## What the task asks
Could you write out every record below exactly, leaving the pictures out?

## Task material

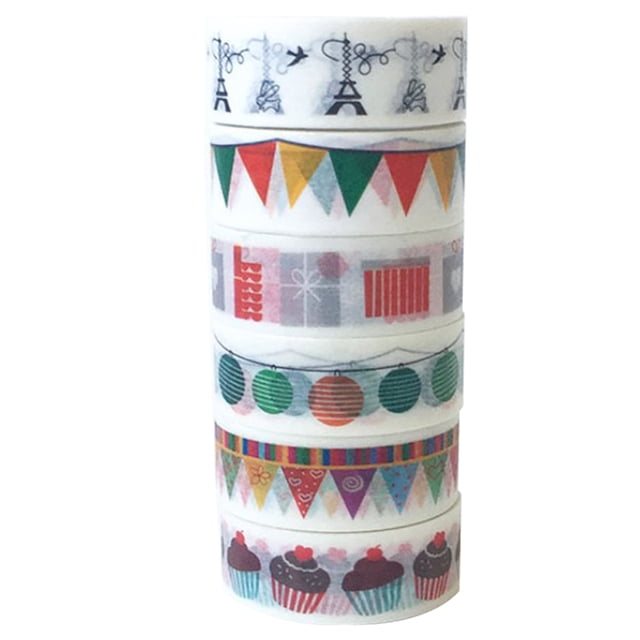 Coofit 6 Rolls Christmas Masking Planner Tape Cute Tearable Cartoon Craft Tape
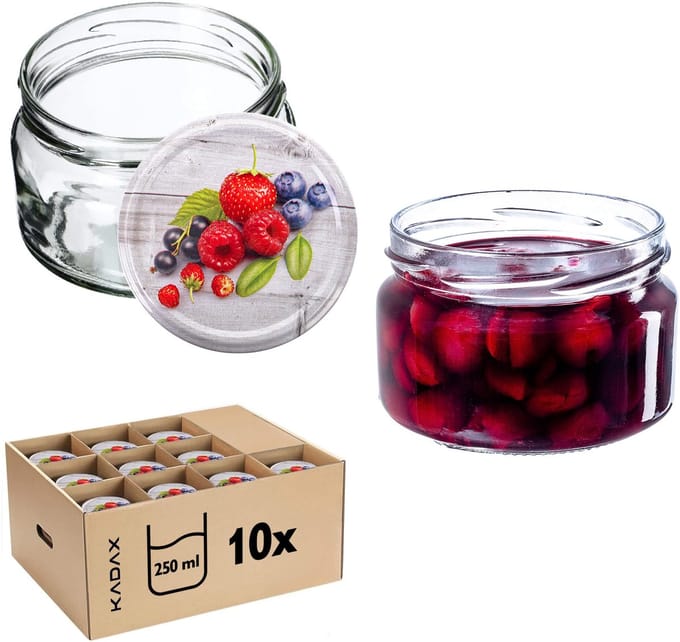 Denia Weckpotten 250ml 10st 82mm + Deksel "Blauwe Bessen"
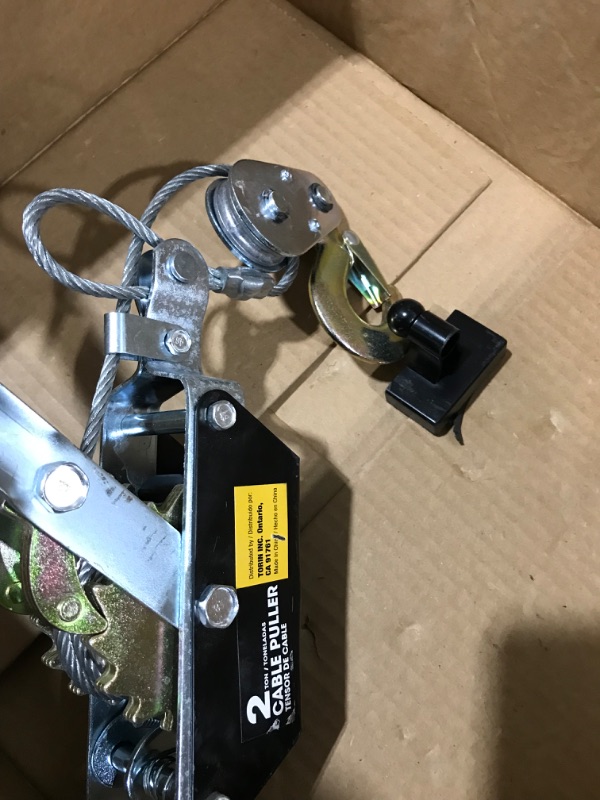 Photo 1 of BIG RED T32052 Torin Come-Along Double Gear Hand Cable Puller with 2 Hooks: 2 Ton (4,000 lb) Capacity, Black 4000 lbs,steel cable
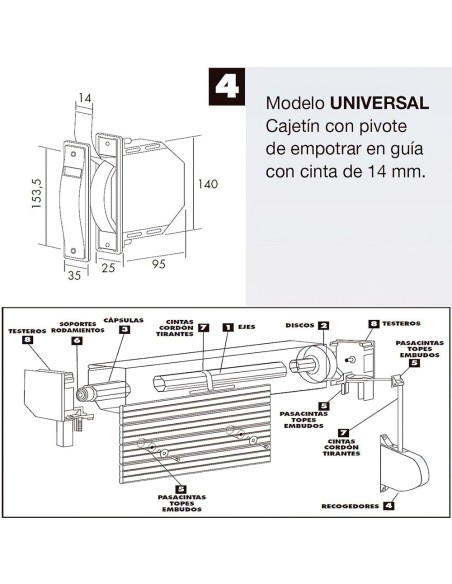 Recogedor Persiana Mini 6 Metros Embutir Cinta 14 mm.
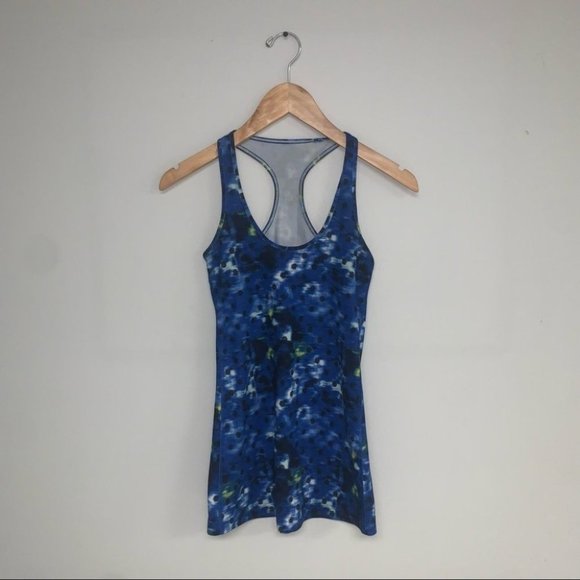Lululemon Cool Racerback Tank Top Sapphire Blue White Black Polka Dot Size 2 - Picture 2 of 9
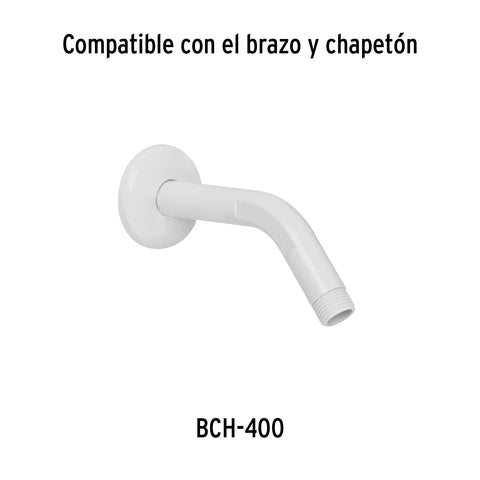 Regadera redonda de ABS 2-1/2' gris-blanca sin brazo, BASIC | R-516S | 48294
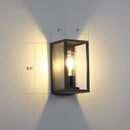 DecorBites™ Modern Black Box Patio Wall Sconce - Transparent Glass, 1-Bulb Lighting Fixture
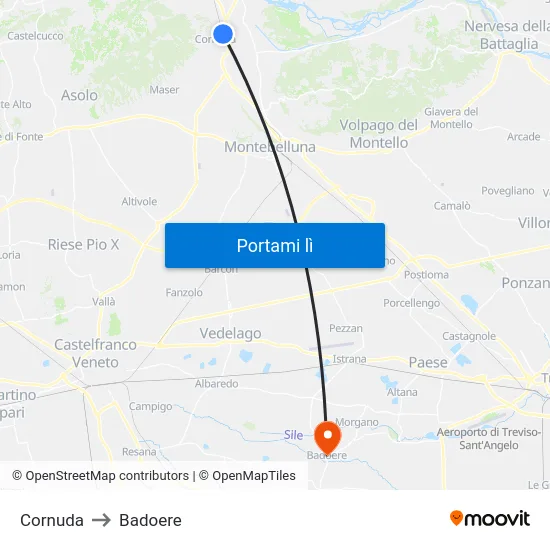 Cornuda to Badoere map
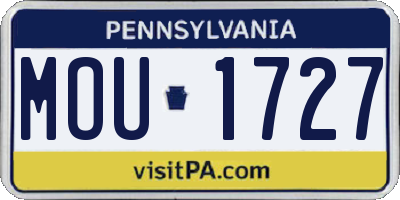 PA license plate MOU1727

## Answer
 Coofit 6 Rolls Christmas Masking Planner Tape Cute Tearable Cartoon Craft Tape
 Denia Weckpotten 250ml 10st 82mm + Deksel "Blauwe Bessen"
 Photo 1 of BIG RED T32052 Torin Come-Along Double Gear Hand Cable Puller with 2 Hooks: 2 Ton (4,000 lb) Capacity, Black 4000 lbs,steel cable
 Recogedor Persiana Mini 6 Metros Embutir Cinta 14 mm.
Lululemon Cool Racerback Tank Top Sapphire Blue White Black Polka Dot Size 2 - Picture 2 of 9
 Regadera redonda de ABS 2-1/2' gris-blanca sin brazo, BASIC | R-516S | 48294
 DecorBites™ Modern Black Box Patio Wall Sconce - Transparent Glass, 1-Bulb Lighting Fixture
 Cornuda to Badoere map
 PA license plate MOU1727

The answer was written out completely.